Jednym z najbardziej znanych reprezentantów tego modelu twórczości jest „Lament Świętokrzyski” – wiersz powstały w drugiej połowie XV wieku, zapisany w latach 70. przez przeora klasztoru Benedyktynów Andrzeja ze Słupi. Utwór przyjmuje formę monologu Maryi obserwującej scenę ukrzyżowania, co potwierdza jego przynależność do gatunku liryki bezpośredniej i inwokacyjnej.
Rozpatrując przedstawioną w wierszu sytuację liryczną możemy wyróżnić trzy czasy: historyczny, sakralny i psychologiczny, który jest najważniejszy przy dokonywaniu interpretacji. Ukazuje on istotę cierpienia i ludzkie oblicze Maryi.
Dzieło rozpoczyna się apostrofą Bożej Rodzicielki do wszystkich ludzi, z prośbą o wysłuchanie dziejów męczeńskiej śmierci Jezusa w Wielki Piątek. Maryja zakłada dobrą wolę słuchających ją ludzi, dlatego mówi do nich z czułością i przyjaźnią: „bracia miła”. Prosi ich także o współcierpienie i okazanie jej litości: „Pożałuj mię stary, młody”. Pierwsze dwie strofy pełnią rolę wprowadzenia do właściwego lamentu, w których Maryja zarysowuje przyczynę swojego bólu. Tragizm podmiotu lirycznego podkreślają ekspresywne, powtarzające się epitety: „krwawą głowę”, „krwawe gody”. Ogromną wielkość straty „jedynego syna” podkreśla również paralelizm składniowy a także rymy wewnętrzne (jednogociem -tegociem) i zewnętrzne (miała - ożalała).

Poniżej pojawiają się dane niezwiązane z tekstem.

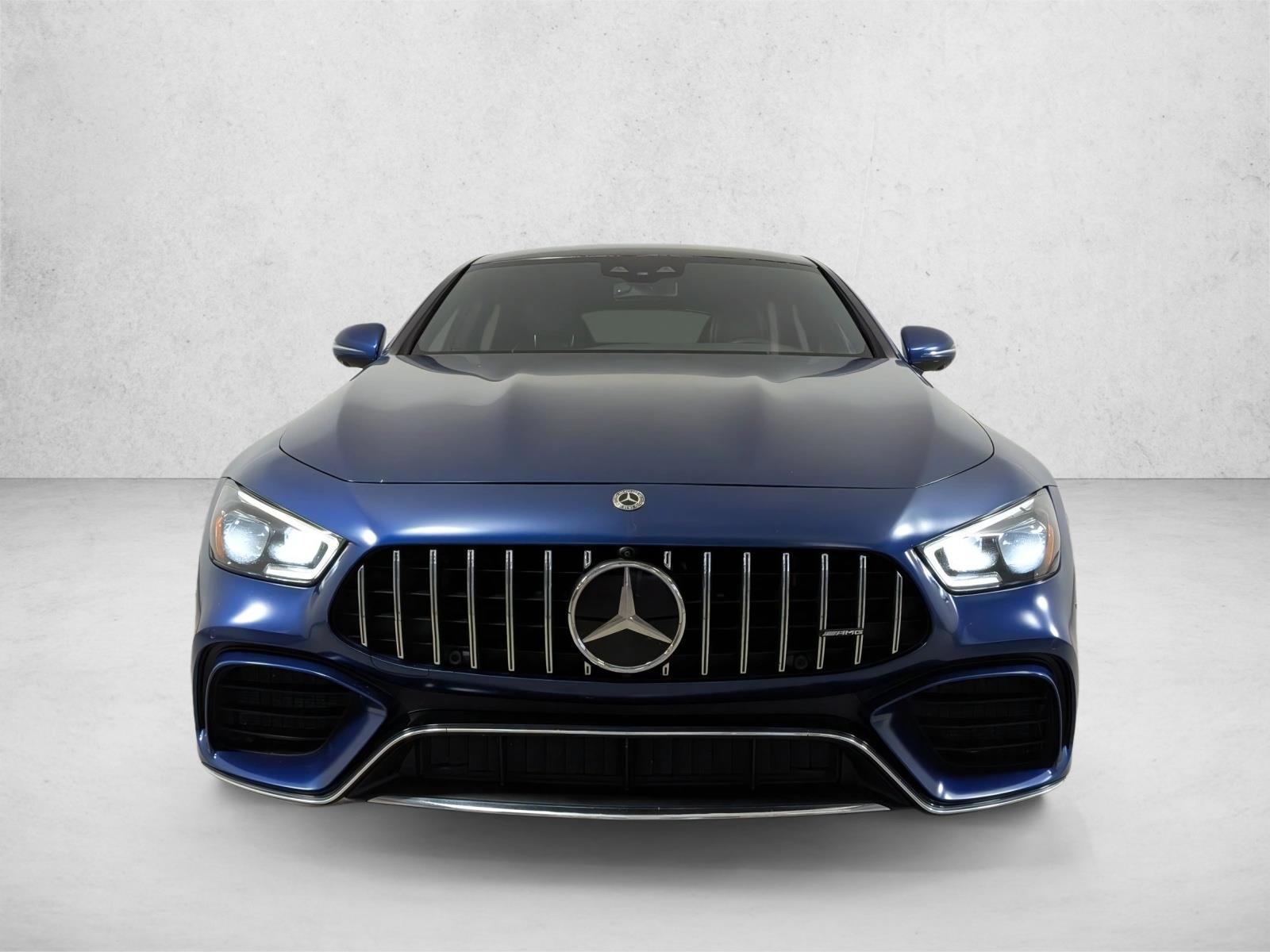 2020 Mercedes-Benz AMG GT 4-Door Coupe 63 S - Photo 6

W trzeciej strofie następuje przejście do liryki pośredniej. Umieszczony jest w niej opis ostatnich chwil Jezusa, który doskonale realizuje założenia doloryzmu. Sam moment ukrzyżowania przedstawiony jest w bardzo realistyczny sposób, uwydatniający nawet najbardziej wstrząsające szczegóły: „ Twoja główka krzywo wisa” czy „ Krew po tobie płynie”. Oksymoroniczne zestawienia: „krwawe narodzenie” i kontrasty potęgują uczucie boleści. Ponadto, poeta wykorzystując apostrofy i liczne zdrobnienia wskazuje na bardzo osobisty ton wypowiedzi Maryi. Podmiot wyraża się w czasie teraźniejszym, co dodatkowo uwydatnia ekspresję tak, iż czytelnik staje pod krzyżem i współcierpi z niewiastą.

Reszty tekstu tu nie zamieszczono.